**TASK GOAL**
Output exactly the lines from the one containing "Casa Casi A" through the final line of the entries below, both included, and skip the pictures.

**EXERCISE DATA**
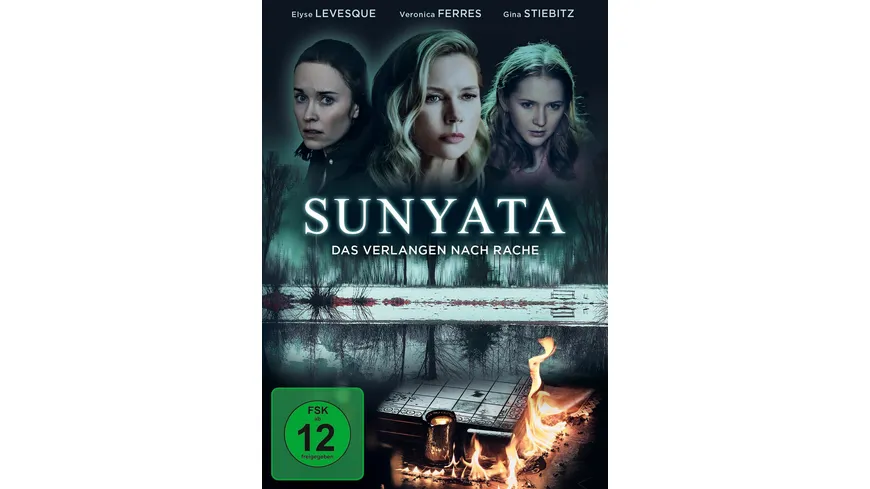 Sunyata - Das Verlangen nach Rache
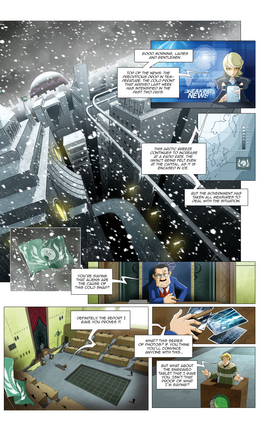 Read Space Pirate Captain Harlock  2 Page 4 in English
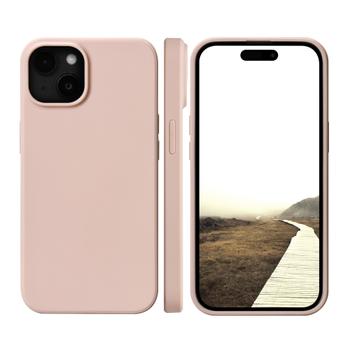 DBRAMANTE1928 DBRAMANTE GREENLAND IPHONE 15 PINK SAND ACCS (GR61PISA1828)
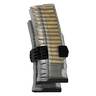Mission First Tactical EXD Mag Kit Translucent AR15 5.56mm NATO Rifle Magazine - 15 Rounds - Clear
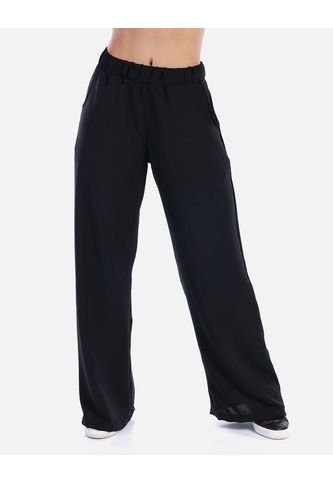 Pantalón Negro Con Pretina Resortada Arequipe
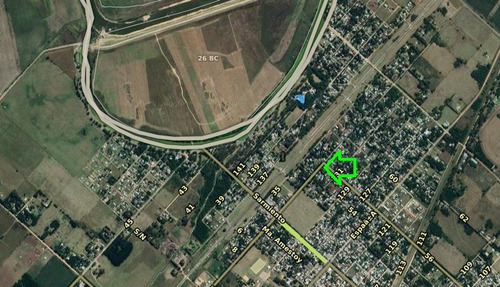 Casa Casi A Estrenar Dos Dormitorios Excelente Zona Barrio Parque - Gral. Belgrano - Bs.as.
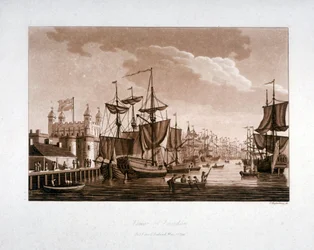 Torre de Londres, 1799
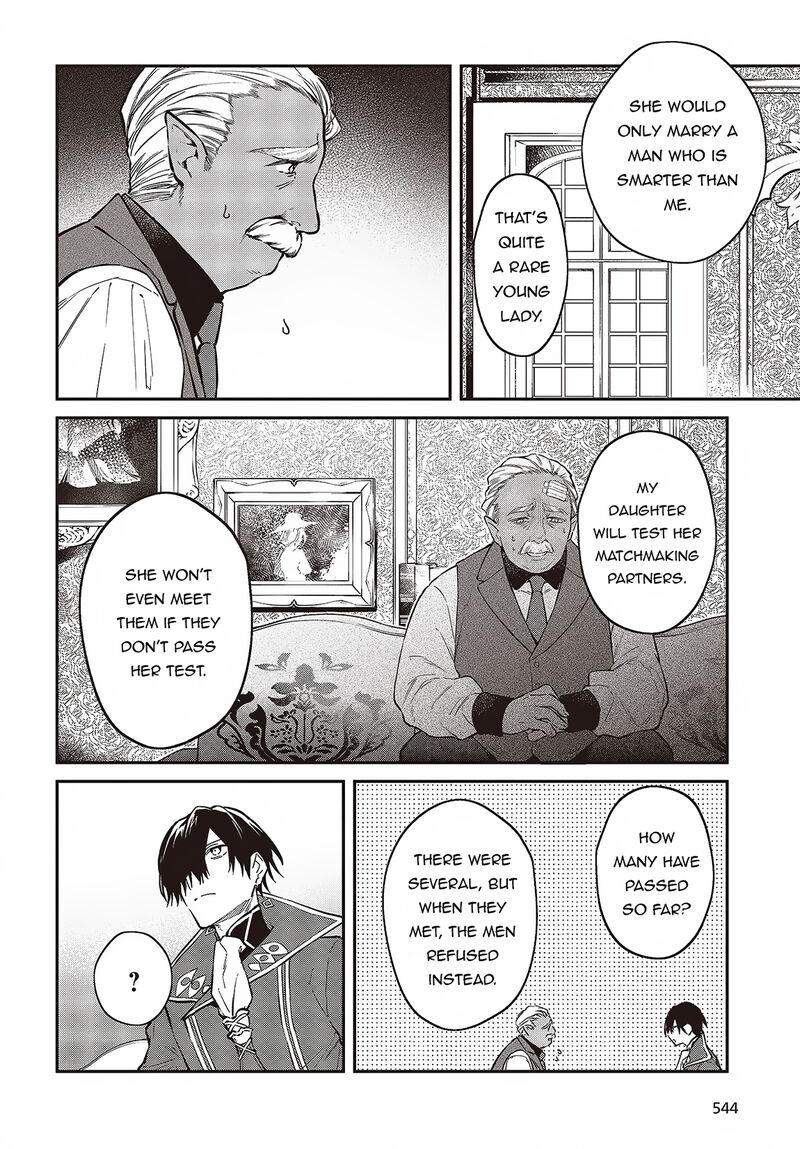 Realist Maou Niyoru SeIIki Naki Isekai Kaikaku Chapter 48 Page 28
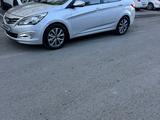 Hyundai Accent 2015 года за 6 000 000 тг. в Шымкент – фото 5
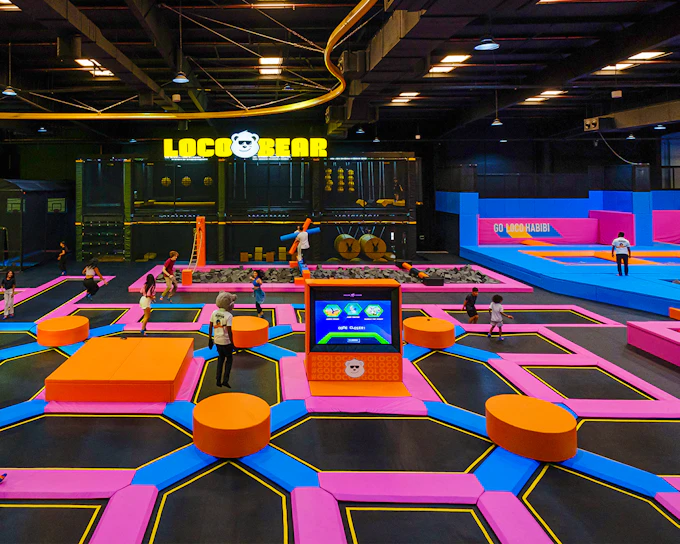 Loco Bear: The Ultimate Entertainment Hub Tickets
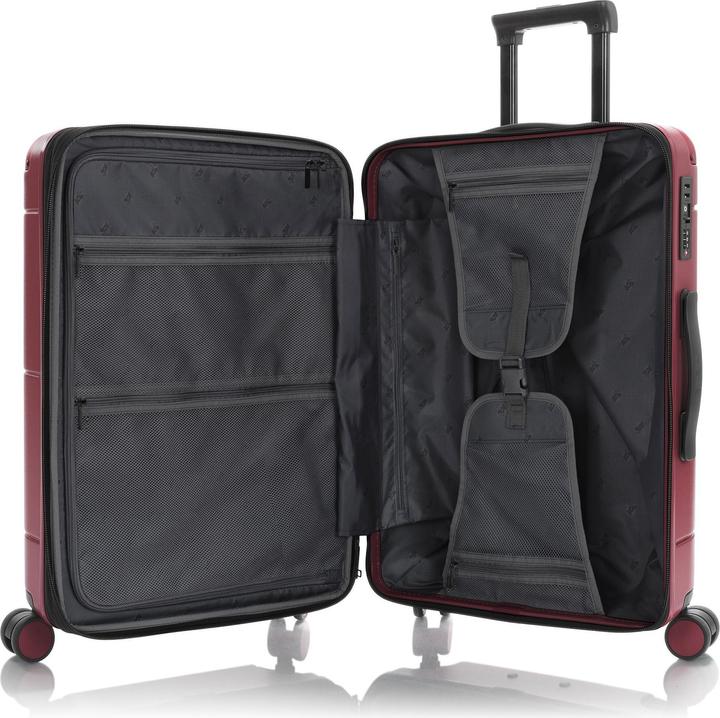 Image du produit Heys Zen 4 roues trolley M 66 cm avec soufflet d'extension (67 l, M (50 - 90l))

**THE COMPLETED TASK**
 Casa Casi A Estrenar Dos Dormitorios Excelente Zona Barrio Parque - Gral. Belgrano - Bs.as.
 Torre de Londres, 1799
 Realist Maou Niyoru SeIIki Naki Isekai Kaikaku Chapter 48 Page 28
 Hyundai Accent 2015 года за 6 000 000 тг. в Шымкент – фото 5
 Loco Bear: The Ultimate Entertainment Hub Tickets
 Image du produit Heys Zen 4 roues trolley M 66 cm avec soufflet d'extension (67 l, M (50 - 90l))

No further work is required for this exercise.